◆ Problem to solve:
In the records below, locate the line containing "Mű karácsonyfa 300", then extract it and all following lines exactly, ending with the last line.

◆ Extracted information:
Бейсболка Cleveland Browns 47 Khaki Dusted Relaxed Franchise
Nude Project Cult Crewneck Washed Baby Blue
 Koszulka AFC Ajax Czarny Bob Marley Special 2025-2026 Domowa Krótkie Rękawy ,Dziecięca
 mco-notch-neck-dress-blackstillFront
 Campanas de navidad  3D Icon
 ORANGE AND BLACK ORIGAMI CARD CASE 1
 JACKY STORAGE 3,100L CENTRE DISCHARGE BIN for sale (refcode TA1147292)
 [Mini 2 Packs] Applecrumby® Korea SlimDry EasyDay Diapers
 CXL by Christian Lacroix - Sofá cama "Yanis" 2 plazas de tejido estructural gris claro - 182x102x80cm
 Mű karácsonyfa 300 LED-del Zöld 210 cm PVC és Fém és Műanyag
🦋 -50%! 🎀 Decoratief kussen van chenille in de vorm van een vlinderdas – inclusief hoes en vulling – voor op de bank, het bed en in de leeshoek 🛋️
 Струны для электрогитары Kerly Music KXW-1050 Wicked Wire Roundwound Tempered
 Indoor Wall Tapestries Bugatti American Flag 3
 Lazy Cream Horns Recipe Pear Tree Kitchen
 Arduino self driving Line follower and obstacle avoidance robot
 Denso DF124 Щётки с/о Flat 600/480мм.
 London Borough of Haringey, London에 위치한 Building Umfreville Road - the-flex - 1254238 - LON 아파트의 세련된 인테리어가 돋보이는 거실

◆ Reply:
 Mű karácsonyfa 300 LED-del Zöld 210 cm PVC és Fém és Műanyag
🦋 -50%! 🎀 Decoratief kussen van chenille in de vorm van een vlinderdas – inclusief hoes en vulling – voor op de bank, het bed en in de leeshoek 🛋️
 Струны для электрогитары Kerly Music KXW-1050 Wicked Wire Roundwound Tempered
 Indoor Wall Tapestries Bugatti American Flag 3
 Lazy Cream Horns Recipe Pear Tree Kitchen
 Arduino self driving Line follower and obstacle avoidance robot
 Denso DF124 Щётки с/о Flat 600/480мм.
 London Borough of Haringey, London에 위치한 Building Umfreville Road - the-flex - 1254238 - LON 아파트의 세련된 인테리어가 돋보이는 거실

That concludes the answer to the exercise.